Rogan: I don’t remember any arguments. It was tense in the sense that we knew that this was very historic and was going to have significant political and constitutional repercussions. But there was never anybody shouting or anybody pointing fingers.

There were political discussions. I had a lot of individual [Republican] members coming up to me saying things like, “You know, I’m kind of in a marginal district. Throw some articles in there that I can vote against, because I want to be able to say I didn’t vote for all of them, that I voted against some of the articles.”

I had a lot of Republicans come up to me and say, “Which are the two that you need?” I would tell them, “If you’re only going to vote for two, vote for perjury and obstruction of justice.”

In fact, that’s exactly what happened. We had four articles of impeachment in the committee, and the House only passed two articles.

Godfrey: Democrats are currently trying to decide if they should stick to Ukraine in the impeachment articles, or include other alleged Trump offenses like violations of the emoluments clause. Were you thinking back then about folding in allegations that weren’t related to the Starr report?

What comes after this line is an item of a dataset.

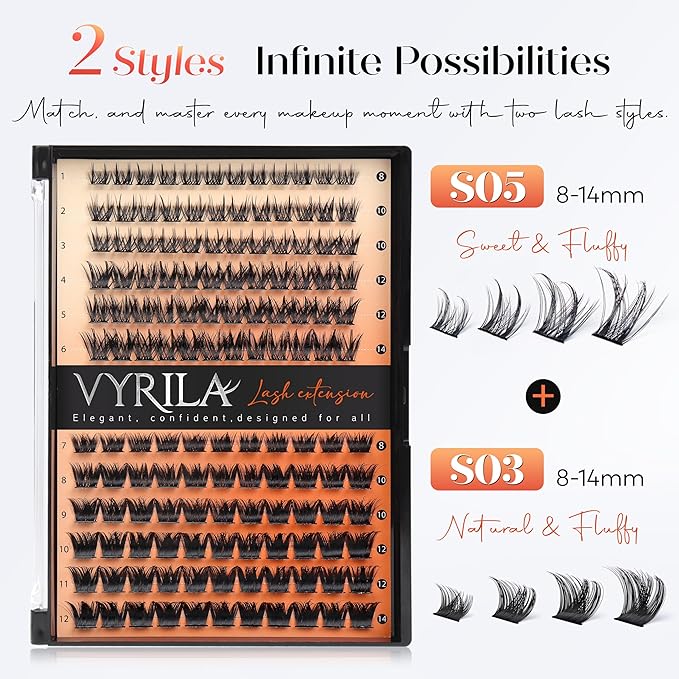 Lash Clusters-VYRILA 0.07mm Wispy Eyelashes C Curl Eyelash Clusters 8-14mix Individual Lashes Extension DIY at Home (S03+S05 138pcs-8-14mix)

Rogan: I not only was thinking about it; I was advocating for it. I did not believe we should limit ourselves to the Starr report. In fact, I had very limited interest in the whole Lewinsky saga. Of course I knew that the president had committed perjury and obstructed justice to try to beat Paula Jones’s lawsuit against him, and I thought that should be included. But I thought that there were also bigger fish to fry. Clinton had various scandals unrelated to the Starr report, and I felt we should do what the House Judiciary Committee did in 1973 and 1974: Open up hearings, give the president an opportunity to rebut the charges, bring in evidence, let his lawyers cross-examine the witnesses. But that was vetoed.

Godfrey: Why?

Rogan: Remember that the midterm elections happened in early November 1998. Speaker Gingrich had been predicting that we were going to pick up 20 or 30 seats. But not only did we not pick up 20 or 30 seats; we lost seats, and we came within a whisker of losing our majority. So there was a beaten-down sense among Republicans that this is a political loser. There was a major sense of making this thing just go away as quickly as possible.

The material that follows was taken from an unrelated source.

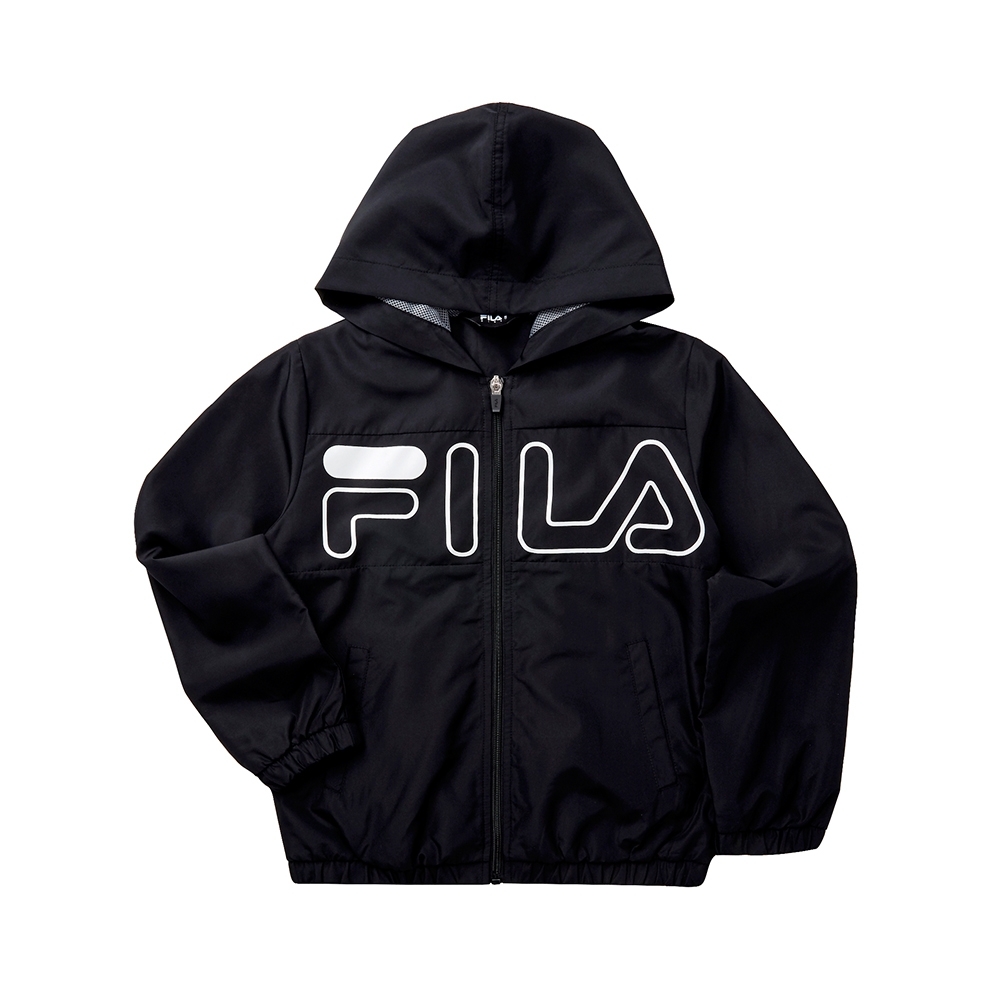 FILA KIDS 童連帽風衣外套-黑色 1JKT-8911-BK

Godfrey: What was the experience like personally for you?

Rogan: It was physically exhausting, for a number of reasons, aside from the political beating I was taking back home every day. I was just getting my teeth kicked out on a daily basis for two straight years. If you were to come into my chambers today, hanging over the door is my favorite piece of political memorabilia. It’s in a great big frame—a huge handmade sign that says People unite, denounce Rogan. It was from one of three burn-me-in-effigy rallies held one weekend.

When we moved over to the Senate, we were going on two and three hours of sleep a night for six weeks. I was very beaten down.

Godfrey: How would you describe your attitude throughout the process?

Rogan: I’m going to answer your question and then I’m going to regret answering it truthfully, because when you report it, even if I try to explain it, it’s going to come across the wrong way. I had the time of my life. And it’s because I’m a history buff. Putting aside all of the pain and everything else, for anybody who’s a real trial lawyer, as I was, when you try a case where the president of the United States is your defendant; the United States Senate is your jury; the chief justice of the United States is your trial judge; every word spoken is on live, worldwide television; and you know that, every time you open your mouth, if you say something stupid, your great-grandkids will get to watch it on the History Channel, the stakes don’t get any higher. It was the ultimate trial.

Henry Hyde was always yelling at me, because I’d go on TV shows like Meet the Press with Tim Russert and I always had a smile on my face. I was not somber. He was constantly telling me, “Stop smiling,” and I told him, “Look, Henry, now I understand why the Christians, when they got thrown to the lions, they sang before the lions ate ’em. You know you’re going to get eaten by the lions anyway. Hell, you might as well sing. Since I know I’m going to get my ass kicked anyway, I might as well just smile.”